__INPUT MATERIAL__
⟨
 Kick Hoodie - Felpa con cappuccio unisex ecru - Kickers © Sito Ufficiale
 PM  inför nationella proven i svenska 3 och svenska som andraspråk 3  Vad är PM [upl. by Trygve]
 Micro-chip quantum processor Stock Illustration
⟩
⟨
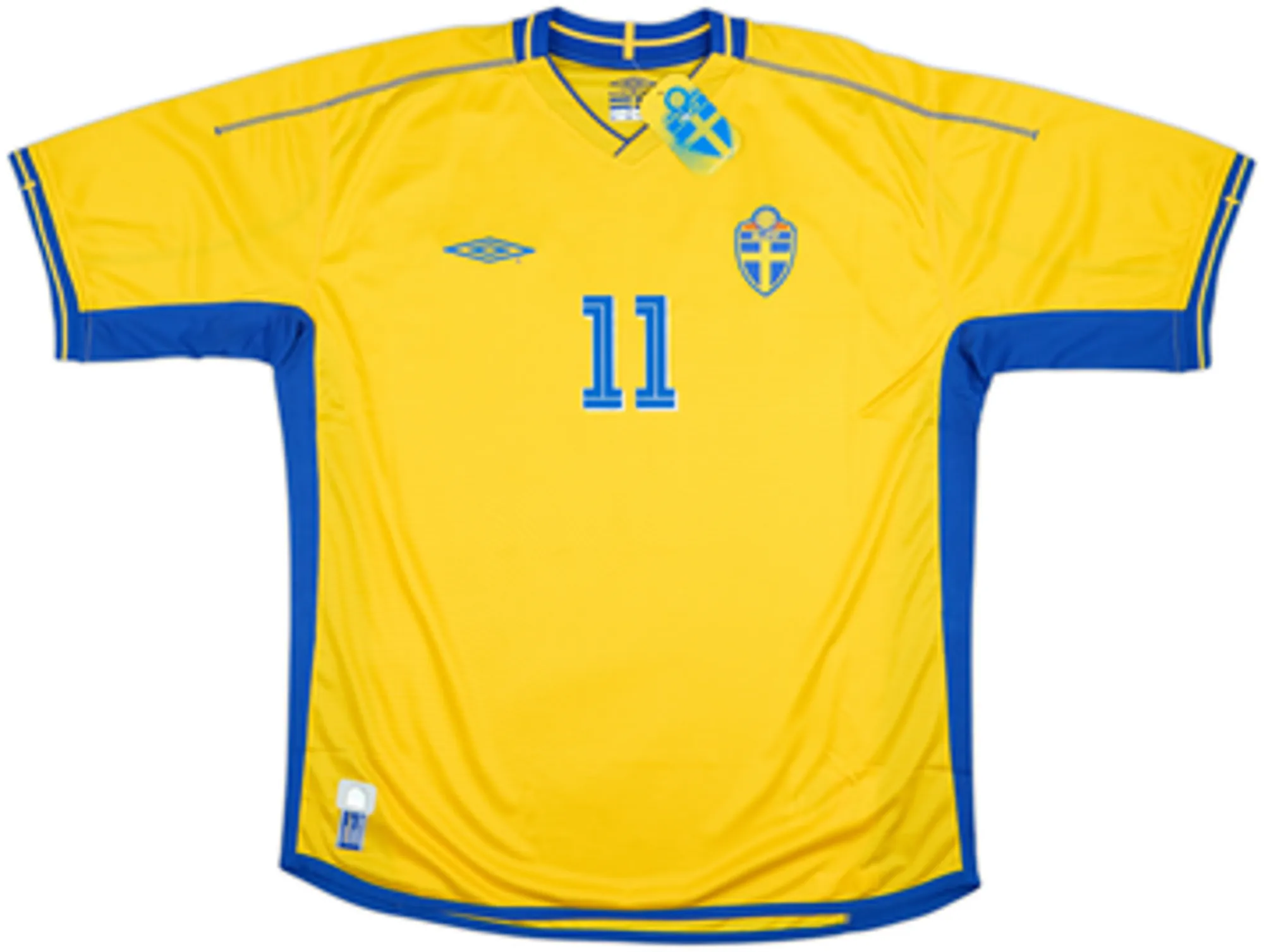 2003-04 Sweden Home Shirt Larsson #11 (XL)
⟩
⟨
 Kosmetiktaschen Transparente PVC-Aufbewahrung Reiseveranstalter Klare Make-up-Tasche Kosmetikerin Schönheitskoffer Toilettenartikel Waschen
⟩
Write down, word for word, the lines above from the one containing "Kick Hoodie - Felpa" through the one containing "Micro-chip quantum processor", both ends included.

__EXERCISE OUTPUT__
 Kick Hoodie - Felpa con cappuccio unisex ecru - Kickers © Sito Ufficiale
 PM  inför nationella proven i svenska 3 och svenska som andraspråk 3  Vad är PM [upl. by Trygve]
 Micro-chip quantum processor Stock Illustration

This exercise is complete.